Spending his entire forty-year academic career at the University of Pennsylvania School of Medicine, Dr. Welsh authored over seventy-five peer-reviewed research publications as he pursued research in the field of stroke and cerebral blood flow. He was invited to present lectures at several international meetings in Tokyo, Japan, and attended many international meetings from Canada to France, Italy, Sweden, Netherlands, Taiwan, Denmark, Germany, and Scotland. Dr. Welsh was invited to Japanese conferences in his area of expertise, which was stroke, nine times during his career.  He collaborated with professional colleagues from all over the world. Dr. Welsh was an editor of several scientific journals and belonged to national and international professional and scientific societies.  He enjoyed teaching Biochemistry students in the Medical School. 


In addition to his significant scientific career, Dusty, as he was known to friends in his personal life, pursued many interests throughout his life.  The love of nature was the greatest with John Muir as his inspiration.  Having visited Yosemite National Park from his university years, Dusty visited the park almost yearly, sometimes two or three times.  He attended a Muir conference at the University of the Pacific, where he met prominent Muir scholars.  Then began several years of volunteering in the Sierra Club Yosemite Conservation Heritage Center, sometimes more than once in the same summer. He visited the places of Muir’s life from his birthplace in Dunbar, Scotland, to sites in Wisconsin and later in California, including the Muir family gravesite near Martinez, California.


In 2002 with a buddy, Dusty backpacked the 211-mile John Muir Trail, which overlaps the Pacific Crest Trail.  He backpacked in the White Mountains, in Pennsylvania state parks, Pennsylvania stretches of the Appalachian Trail, and several national parks. Once he experienced the Grand Canyon’s spirituality, he and his family hiked or backpacked there sixteen times, including a couple visits to the North Rim.  Multiple hiking trips every year to National Parks filled Dusty’s life, from Rocky Mountain National Park in 1967 to his last trip to Yosemite National Park in 2018. From tiny Isle Royale National Park in Lake Superior to Denali National Park in Alaska, his boots hiked beautiful trails for many years.

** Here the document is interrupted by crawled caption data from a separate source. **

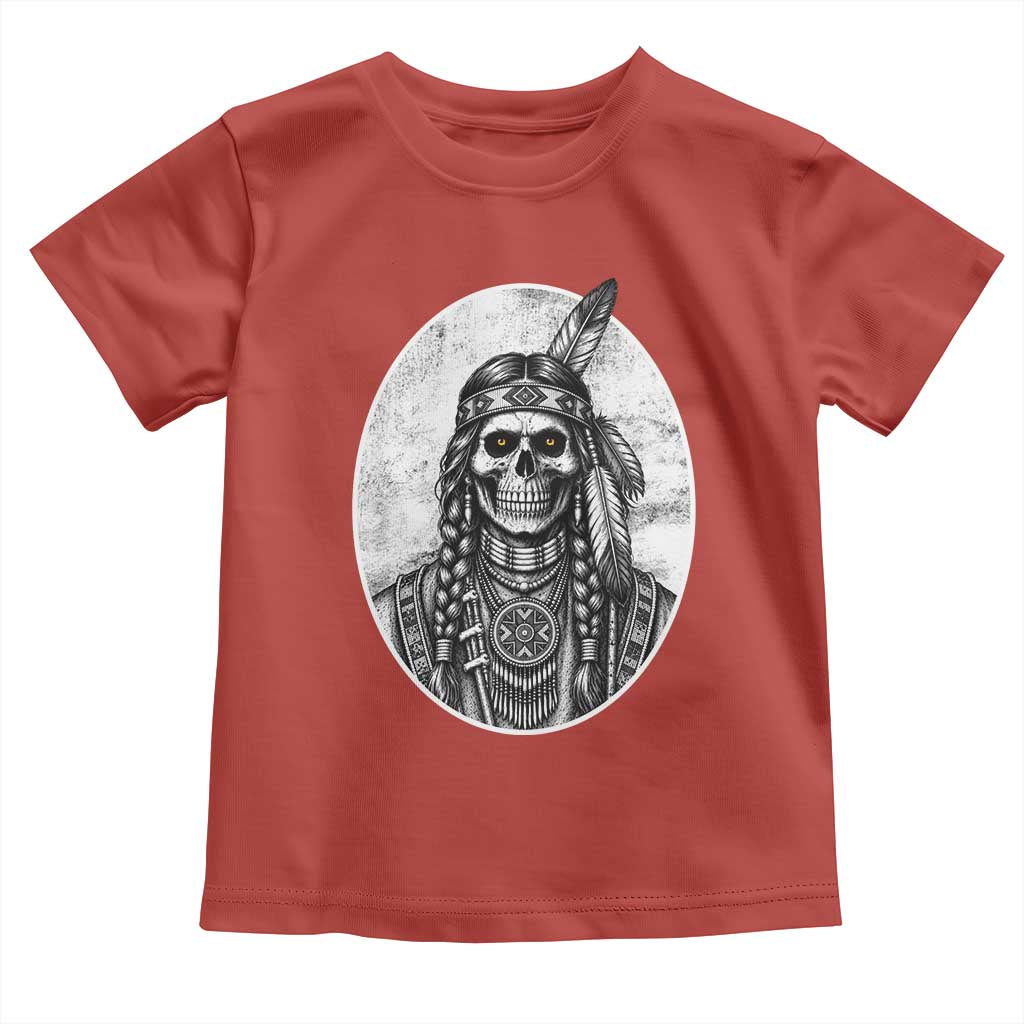 Vintage Gothic Skull Warrior Toddler T Shirt Native American Feather Chief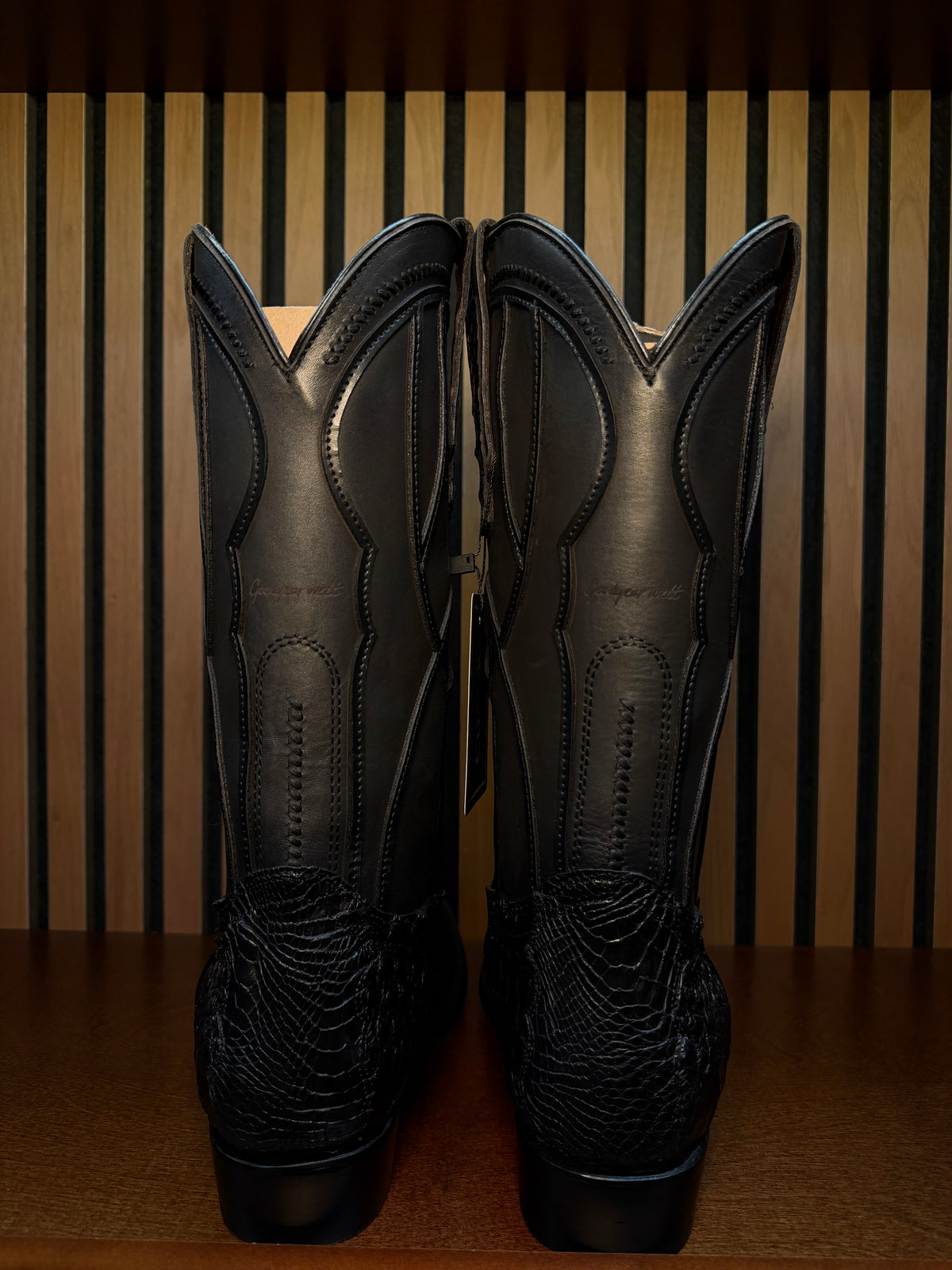 CUADRA BLACK CAIMAN ROUND TOE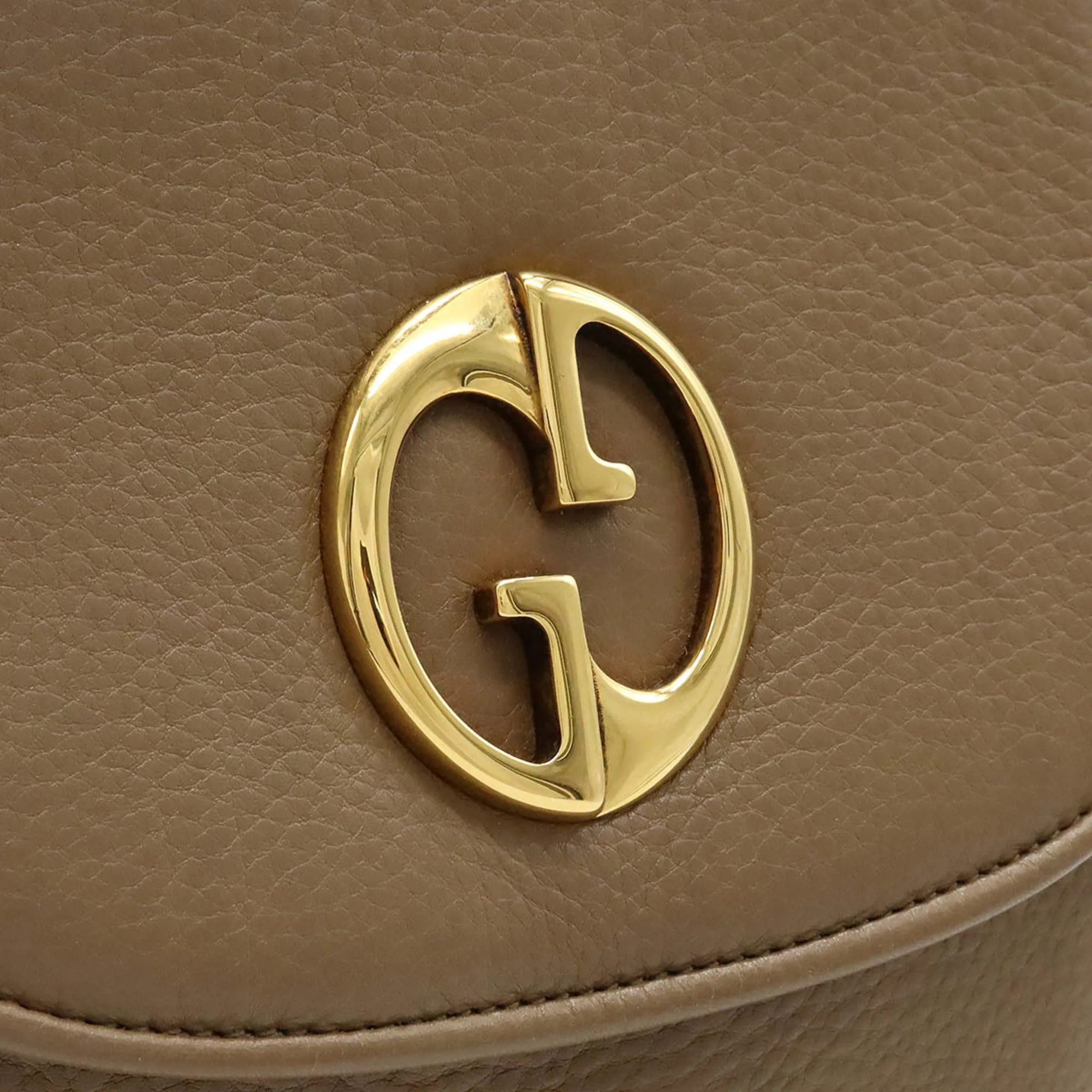 GUCCI Double G Detail Shoulder Bag Leather Mocha Beige 251809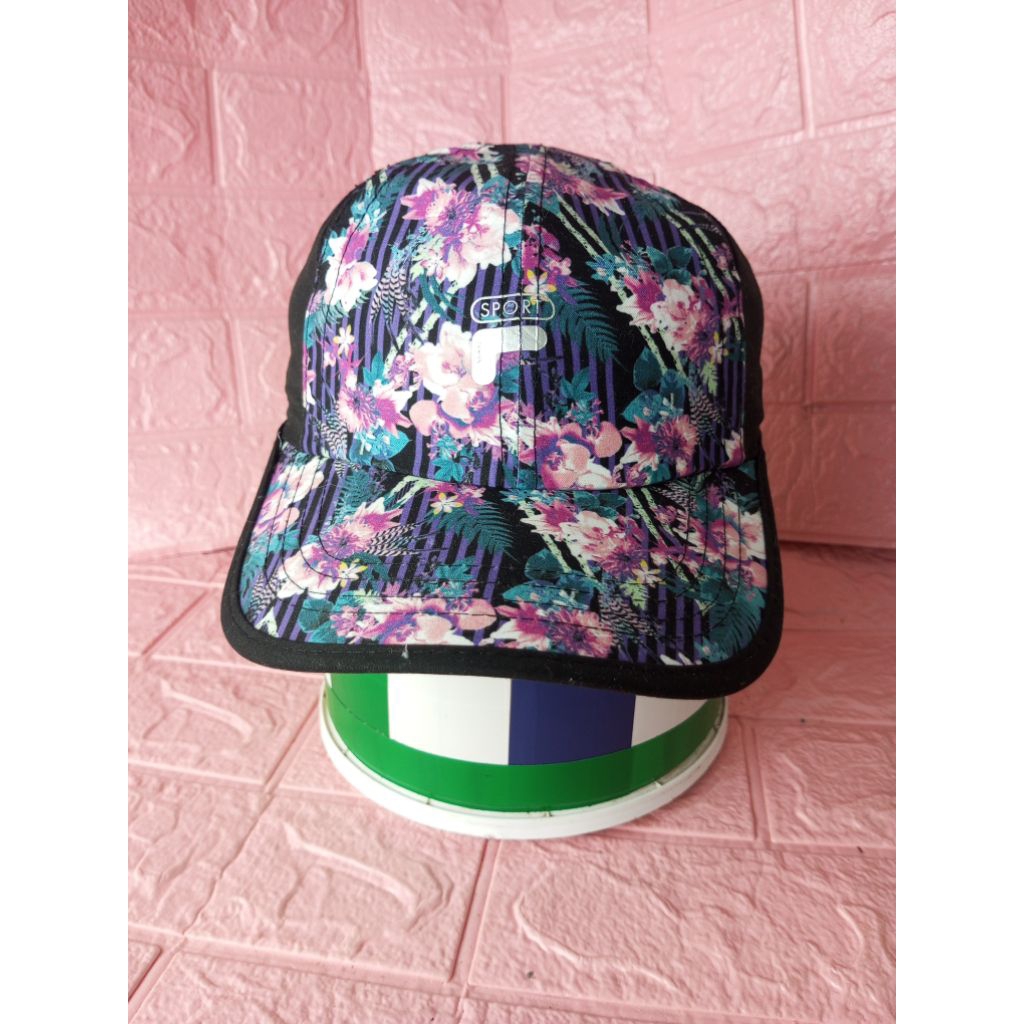 Topi Fila Sport Floral Dad Hat Baseball Cap Strapback Black Flowers Hawaiian 6 Panel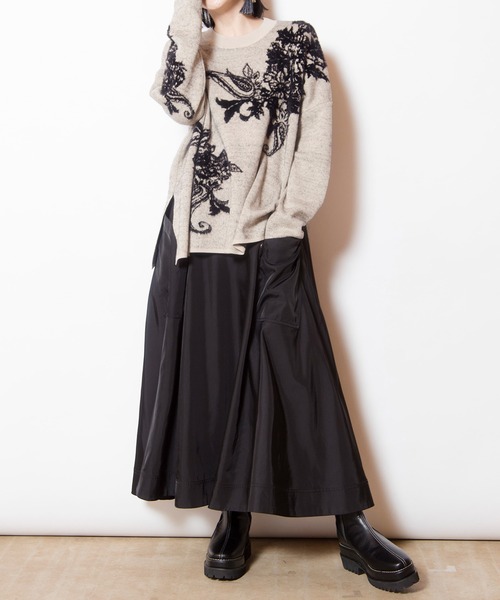 OSMOSIS（オズモーシス）の「ジャガードニットプルオーバー（ニット/セーター・レディース・ライトベージュ/キャメル/ダークグレー・ONE SIZE）」の17枚目の写真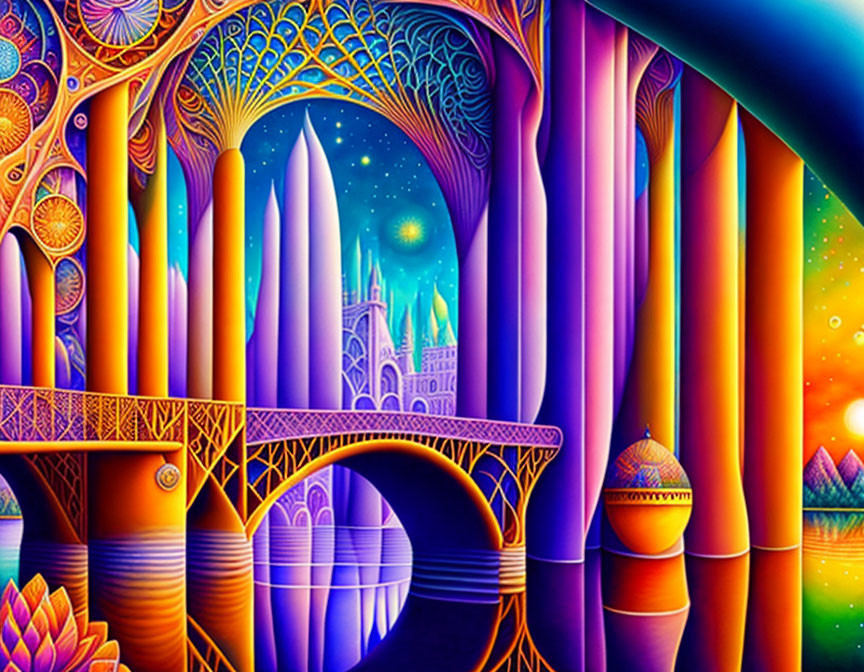 Colorful Fantasy Landscape with Intricate Architecture and Celestial Bodies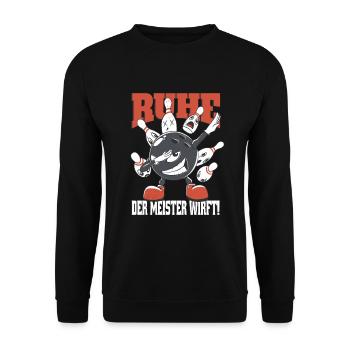 Bowling Mitgebsel Spieler Ruhe Der Meister Wirft - Unisex Pullover - Schwarz - Vorne - Alina (178cm) & Michal (187cm)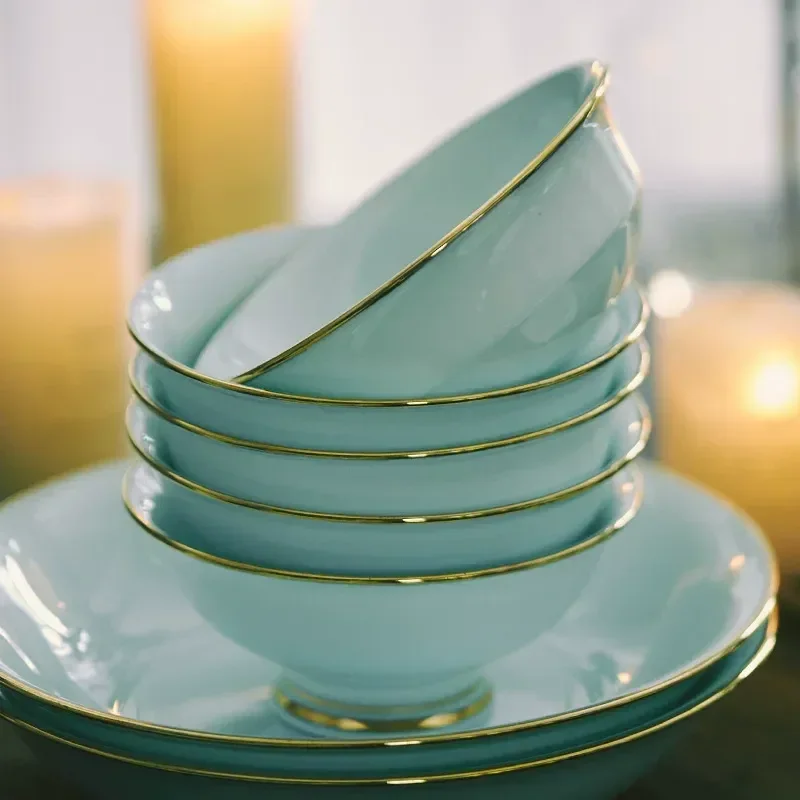for Dishes and dishes set household new Chinese wedding gifts hand-painted gold Jingdezhen ceramics bone china combination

Dusty’s second love was baseball.  From his boyhood days in Rockford, Illinois, to his life on the Main Line playing second or third base with the Sunday Morning Baseball group, beginning in 1981, Dusty loved playing the game.  He coached Little League in St. Louis, Chapel Hill and Radnor.  From the time he was a boy, Dusty played a board baseball game called APBA, and once retired, he joined the local group, later becoming its Commissioner.  His team name was the same as the team Thacher Longstreth had used when he played  APBA games, “The Argyle Socks.”


Dusty found opportunities to work with children and youth, serving for several years as a leader in Webelos and Boy Scouts.  He advised high school youth at the Main Line Unitarian Church and was a leader in the Sierra Club Outdoors program in Philadelphia where he introduced inner city middle school kids to nature in nearby parks, even taking them canoeing on the Brandywine.


Frank Welsh is survived by his wife of 54 years, Barbara (nee Ward), sons Edward and Frank Alexander IV, daughter-in-law Elizabeth, son-In-law Jonathan and four beloved grandchildren.


An outdoor service is planned for next June.


In lieu of flowers, please contribute to the nature group of your choice.